**Directions for this task**
Look below for the line holding "cucina bianca con piano in legno" and the line holding "תמונת דוגמן אחורית של חולצת סריג". Transcribe exactly those lines and all lines between them, nothing more.

**Source material**
=-=-=-=-=

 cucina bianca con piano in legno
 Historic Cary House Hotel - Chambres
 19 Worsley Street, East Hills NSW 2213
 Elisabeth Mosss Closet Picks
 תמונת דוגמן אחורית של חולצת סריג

=-=-=-=-=

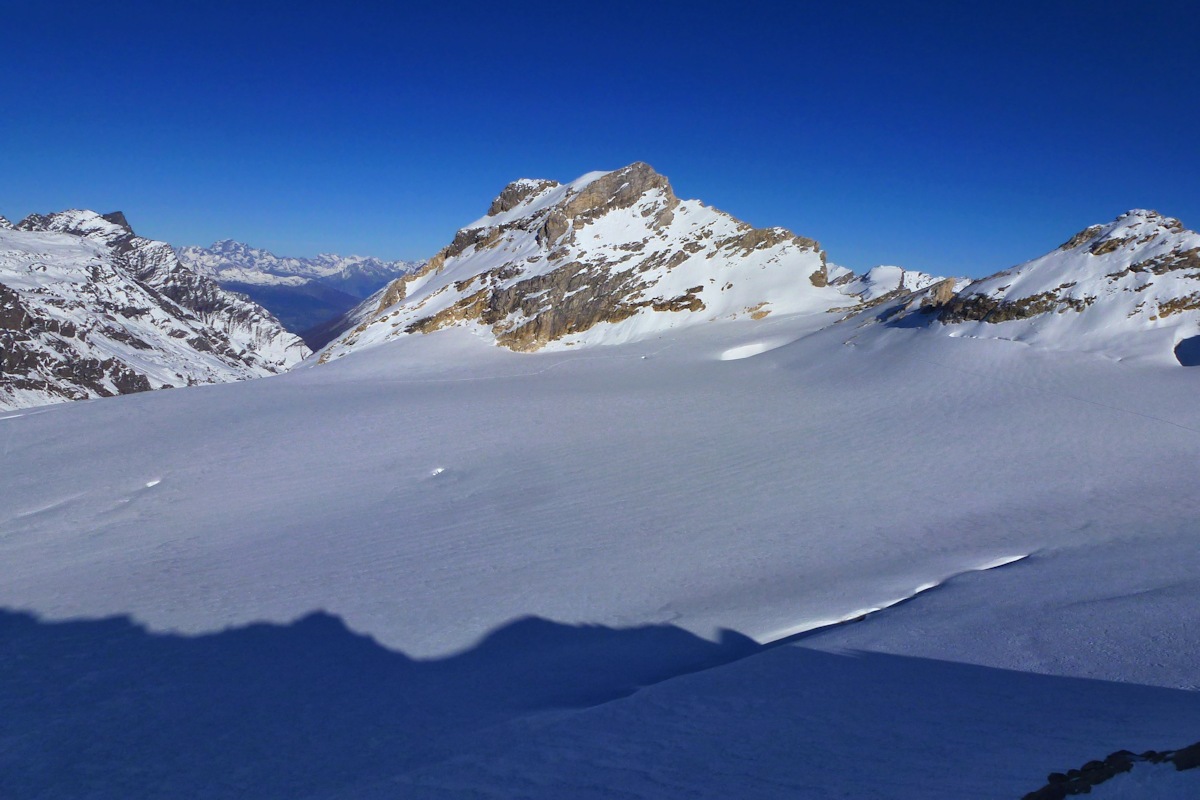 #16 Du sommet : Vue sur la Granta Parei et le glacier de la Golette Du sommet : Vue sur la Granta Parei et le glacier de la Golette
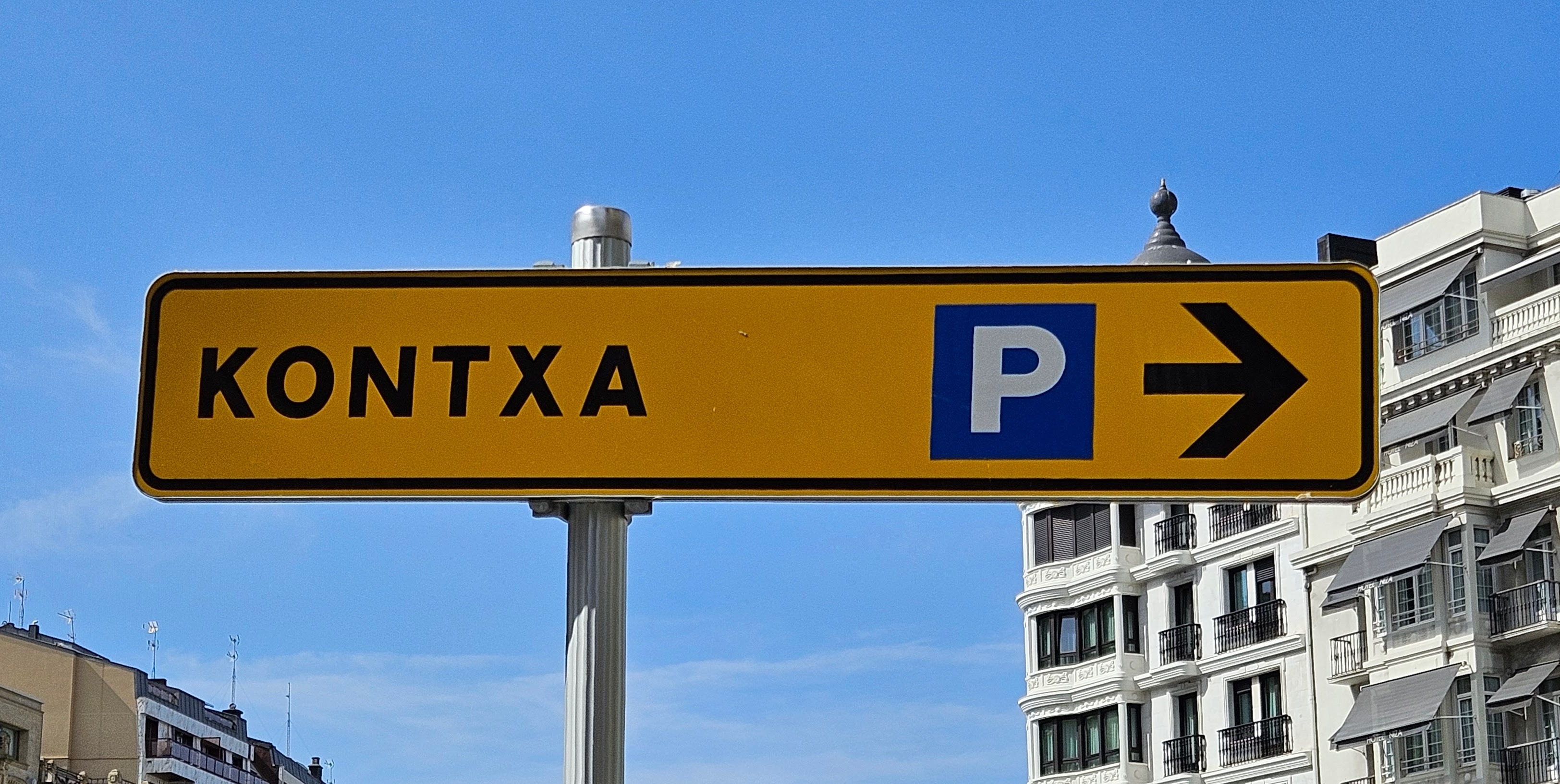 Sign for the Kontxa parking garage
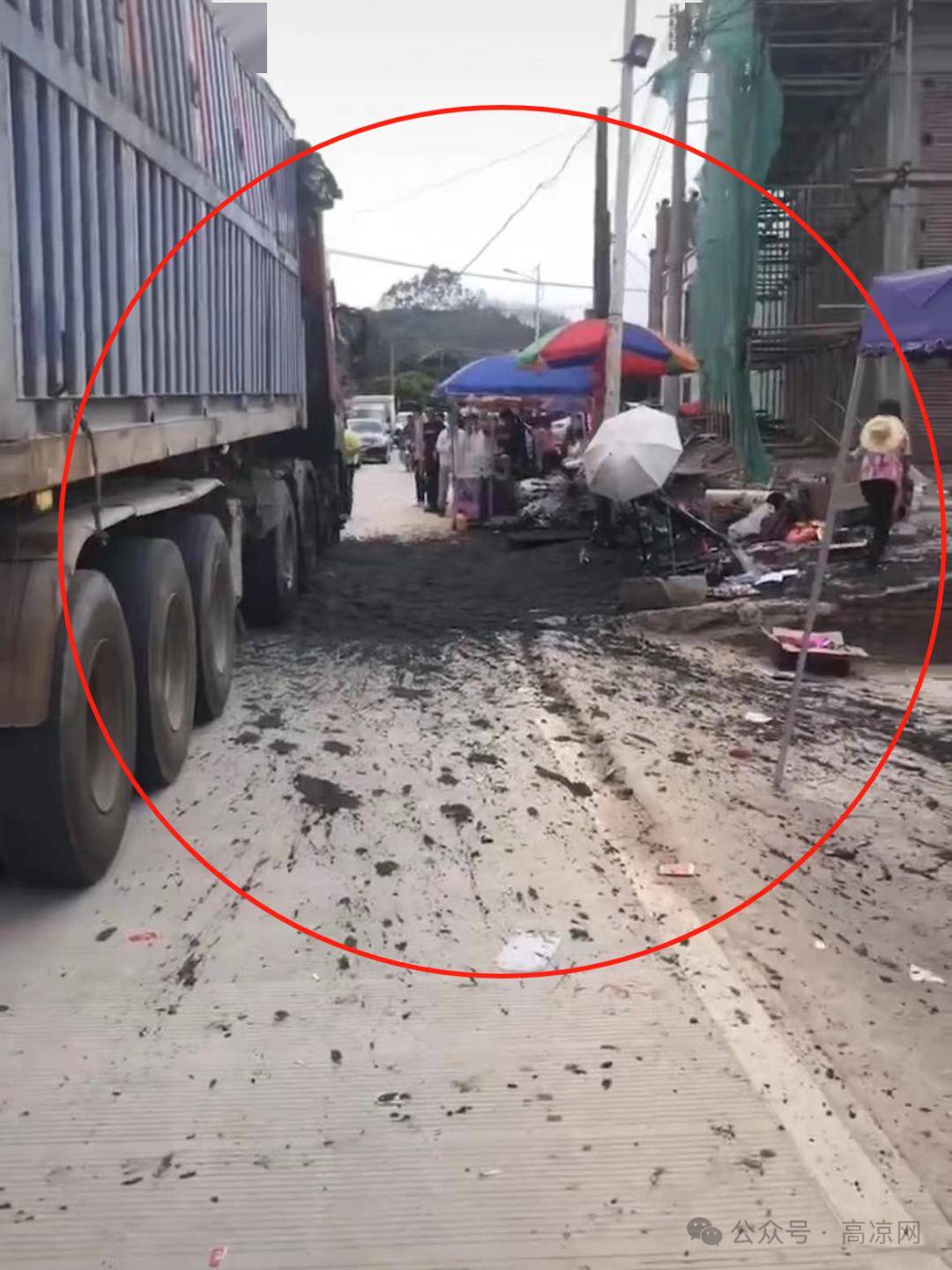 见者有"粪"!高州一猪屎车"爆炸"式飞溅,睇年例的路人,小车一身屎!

=-=-=-=-=

**The answer**
 cucina bianca con piano in legno
 Historic Cary House Hotel - Chambres
 19 Worsley Street, East Hills NSW 2213
 Elisabeth Mosss Closet Picks
 תמונת דוגמן אחורית של חולצת סריג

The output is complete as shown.